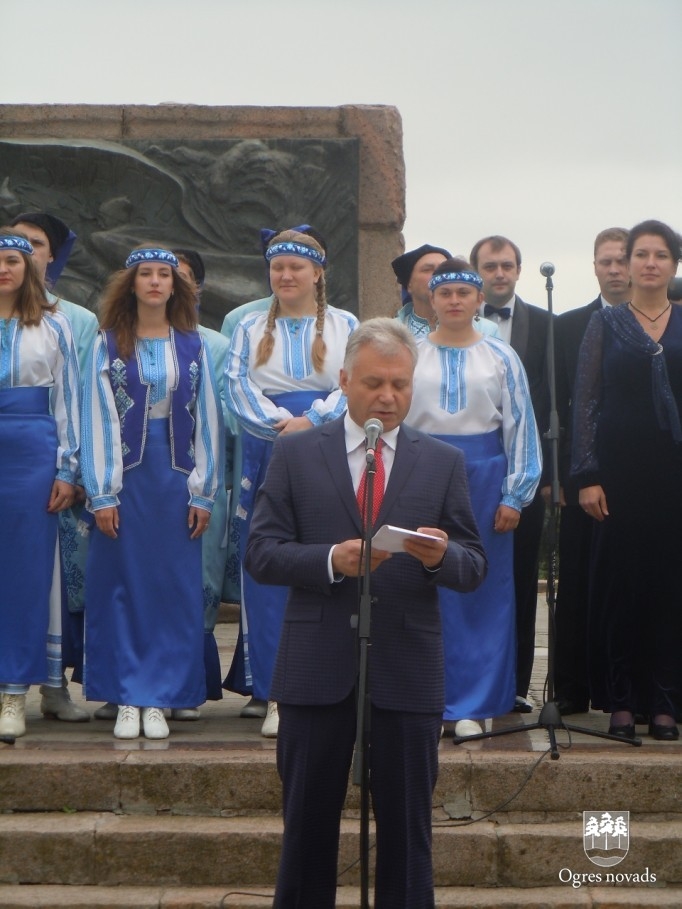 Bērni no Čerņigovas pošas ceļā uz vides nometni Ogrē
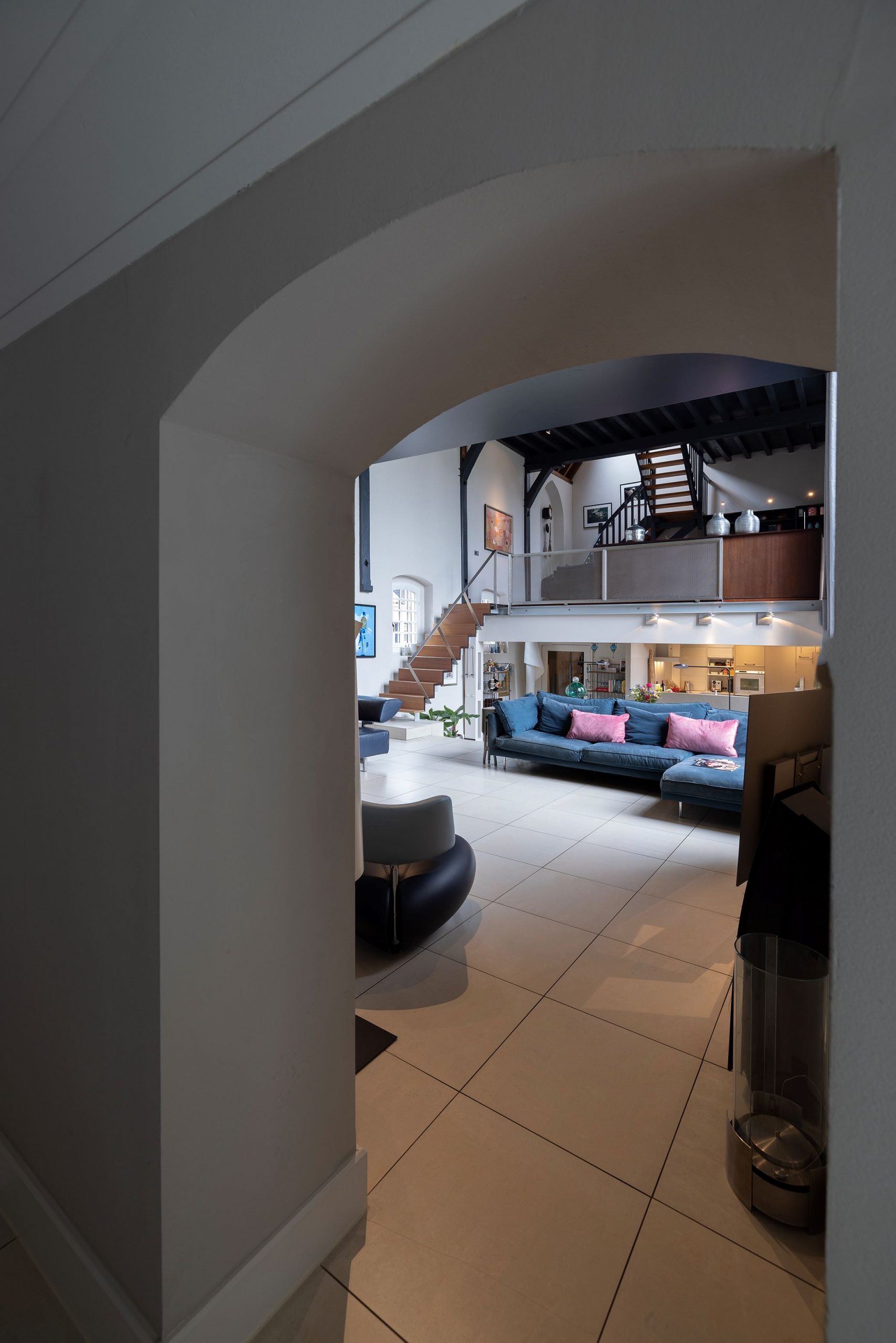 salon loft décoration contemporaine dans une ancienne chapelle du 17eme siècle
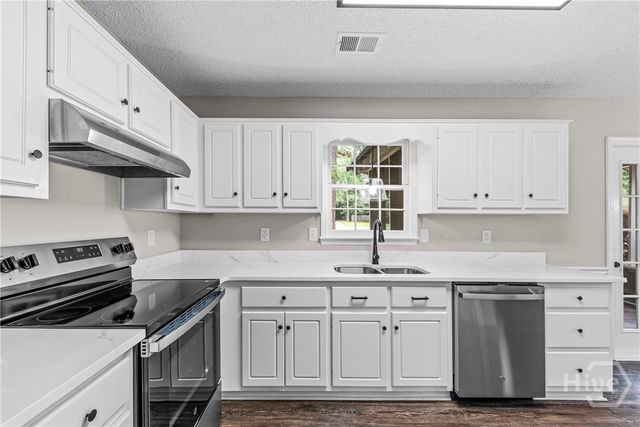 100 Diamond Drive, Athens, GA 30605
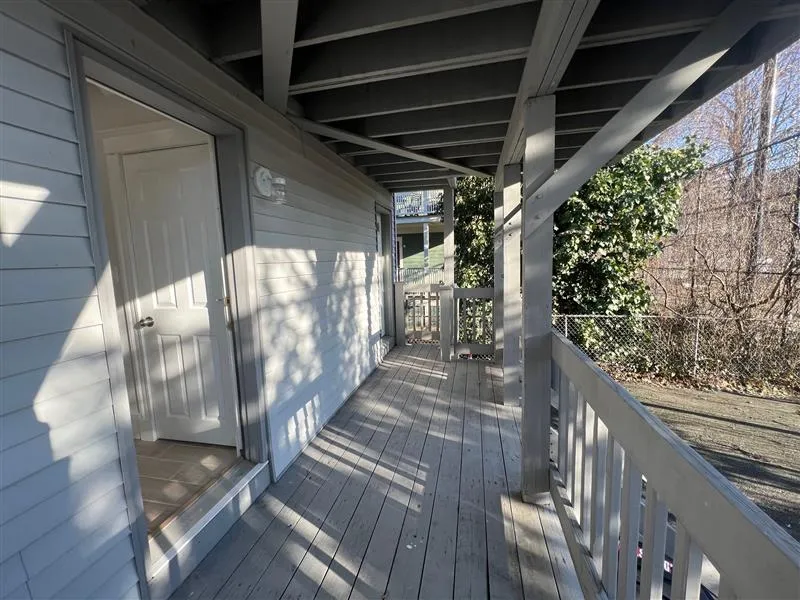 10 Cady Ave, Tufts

------

• [Task statement] Without the pictures, repeat the listing exactly as it reads.

• [Worked solution]
 Bērni no Čerņigovas pošas ceļā uz vides nometni Ogrē
 salon loft décoration contemporaine dans une ancienne chapelle du 17eme siècle
 100 Diamond Drive, Athens, GA 30605
 10 Cady Ave, Tufts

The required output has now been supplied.